In short, the Ogden discount rate is a calculation used to determine how much money insurance companies should pay out to people who have suffered life-changing injuries, in order to cover all their predicted future losses. The settlement amount agreed needs to accurately reflect the claimant’s future loss of earnings, as well as covering any care costs. However, because it is paid in a lump sum which will be invested when it is received, the amount is adjusted to account for the interest they would expect to earn. The lower the discount rate, the higher the typical settlement of a claim.
Prior to November last year, the discount rate was 2.5% where it had consistently been since 2001, which enabled insurance companies to allow for some investment income over the lifetime of the claimant. The Lord Chancellor caught the insurance industry off guard with a decision to cut the discount rate to -0.75% which necessitated insurance companies and some syndicates to have to urgently reassess their reserves for liabilities.

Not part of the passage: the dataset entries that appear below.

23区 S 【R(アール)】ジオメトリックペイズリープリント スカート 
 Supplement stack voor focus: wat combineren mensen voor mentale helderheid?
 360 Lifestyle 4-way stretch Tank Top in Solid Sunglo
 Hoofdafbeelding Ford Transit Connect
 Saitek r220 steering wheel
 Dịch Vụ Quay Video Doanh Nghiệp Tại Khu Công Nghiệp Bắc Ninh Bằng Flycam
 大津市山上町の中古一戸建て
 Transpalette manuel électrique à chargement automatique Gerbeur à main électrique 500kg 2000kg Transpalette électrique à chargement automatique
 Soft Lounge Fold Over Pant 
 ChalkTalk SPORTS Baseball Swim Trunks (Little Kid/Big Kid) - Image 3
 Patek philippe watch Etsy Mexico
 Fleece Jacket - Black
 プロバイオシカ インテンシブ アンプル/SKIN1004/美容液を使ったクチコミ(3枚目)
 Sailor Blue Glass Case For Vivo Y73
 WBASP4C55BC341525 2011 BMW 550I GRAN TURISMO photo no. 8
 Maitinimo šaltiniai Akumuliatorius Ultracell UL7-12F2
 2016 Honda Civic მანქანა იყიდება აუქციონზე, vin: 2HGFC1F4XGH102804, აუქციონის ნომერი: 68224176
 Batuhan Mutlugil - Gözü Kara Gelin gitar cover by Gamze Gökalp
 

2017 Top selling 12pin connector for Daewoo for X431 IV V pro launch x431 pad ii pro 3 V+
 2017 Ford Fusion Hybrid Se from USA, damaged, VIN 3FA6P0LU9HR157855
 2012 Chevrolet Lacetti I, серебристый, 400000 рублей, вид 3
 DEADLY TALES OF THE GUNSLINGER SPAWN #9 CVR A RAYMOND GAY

It is hoped by the UK insurance industry that the new Civil Liability Bill, published yesterday, will take a more sensible view about the investments that insurers must take as a reference point may be “low-risk” rather than “very low-risk” which would enable the discount rate to favourably alter from -0.75% to 0%, experts say.
The Bill which has to be passed by Parliament will also establish a regular review of the discount rate and create an independent panel to advise the Lord Chancellor on the setting of the rate.
There is no date yet set for Parliament to scrutinise and pass the Bill but this is certainly progress and heading towards a more realistic rate.